Data extract:
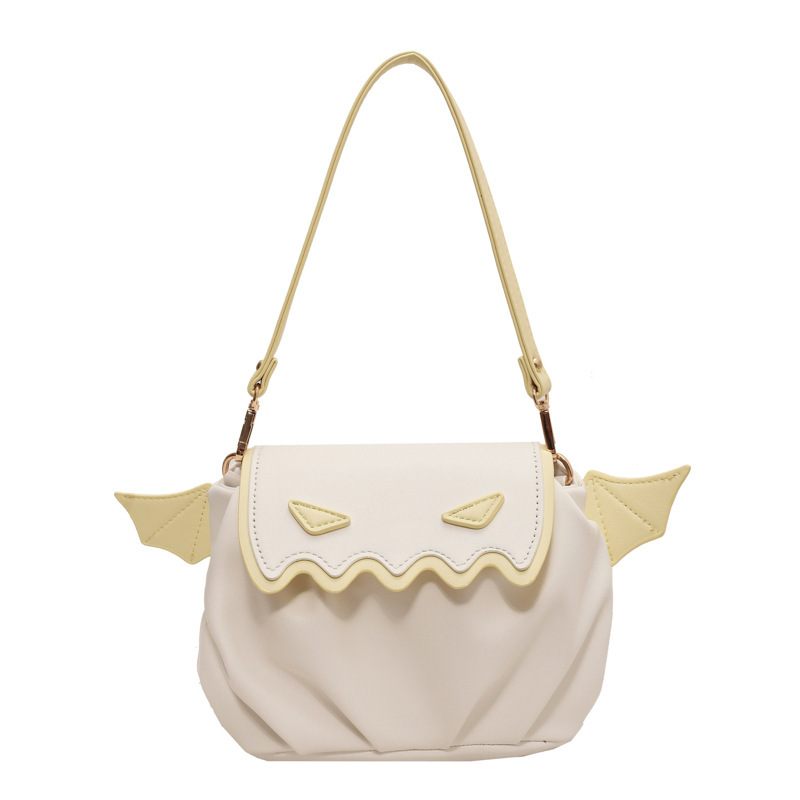 Beige handbag with gold accents on a white background
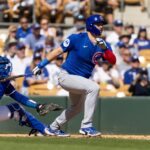 Feb 20, 2025; Phoenix, Arizona, USA; Chicago Cubs catcher Reese McGuire hits a two run double against the Los Angeles Dodgers during a spring training game at Camelback Ranch-Glendale.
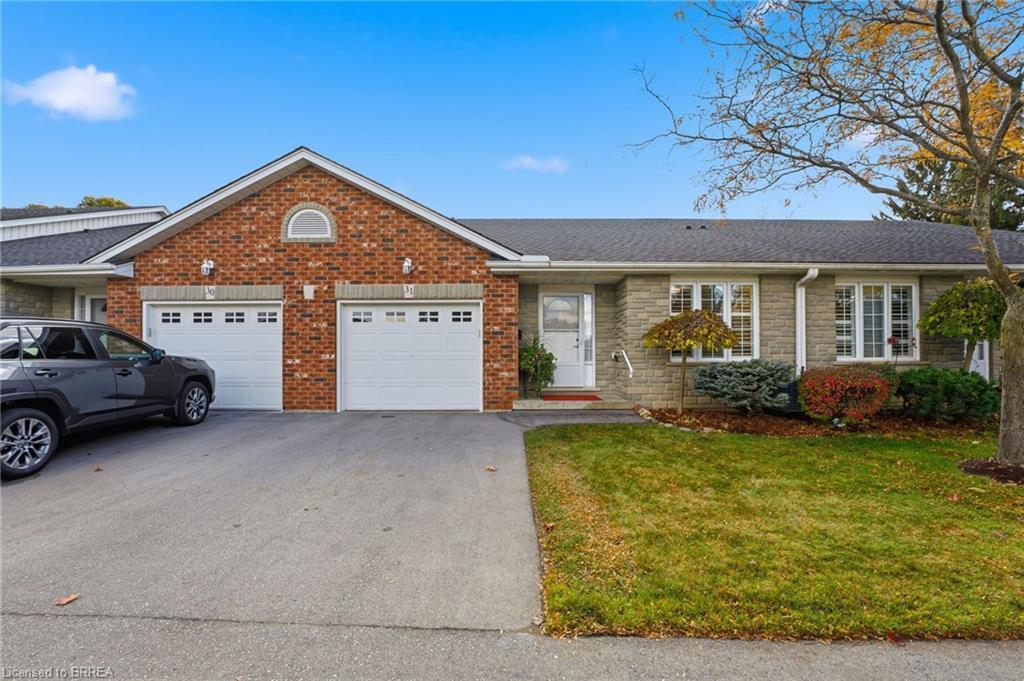 31-53 Heron'S Landing, Woodstock, ON - Outdoor With Facade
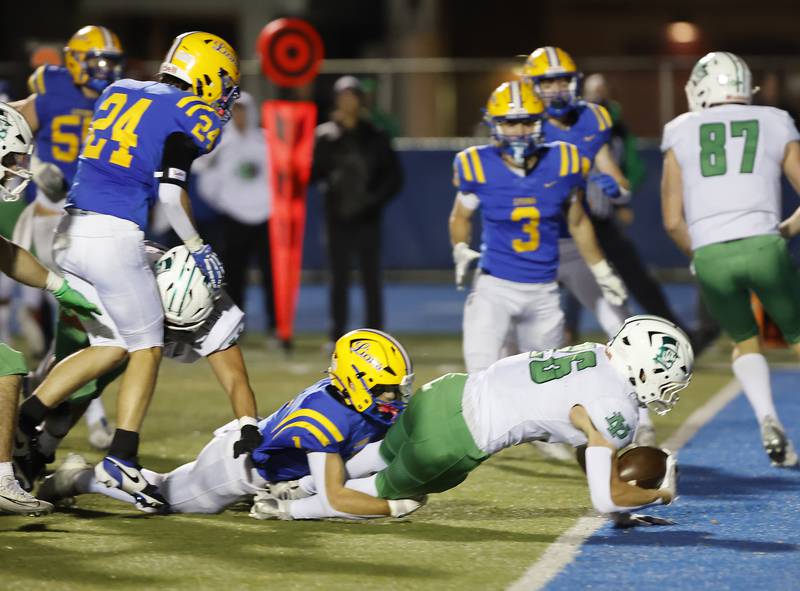 York's Henry Duda (26) crosses the goal line for a touchdown during the varsity football first-round 8A playoff game between York and Lyons Township on Friday, Oct. 31, 2025 in Western Springs, IL.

Prompt: Restate all of the material word for word. Keep out every picture.

Answer space:
 Beige handbag with gold accents on a white background
 Feb 20, 2025; Phoenix, Arizona, USA; Chicago Cubs catcher Reese McGuire hits a two run double against the Los Angeles Dodgers during a spring training game at Camelback Ranch-Glendale.
 31-53 Heron'S Landing, Woodstock, ON - Outdoor With Facade
 York's Henry Duda (26) crosses the goal line for a touchdown during the varsity football first-round 8A playoff game between York and Lyons Township on Friday, Oct. 31, 2025 in Western Springs, IL.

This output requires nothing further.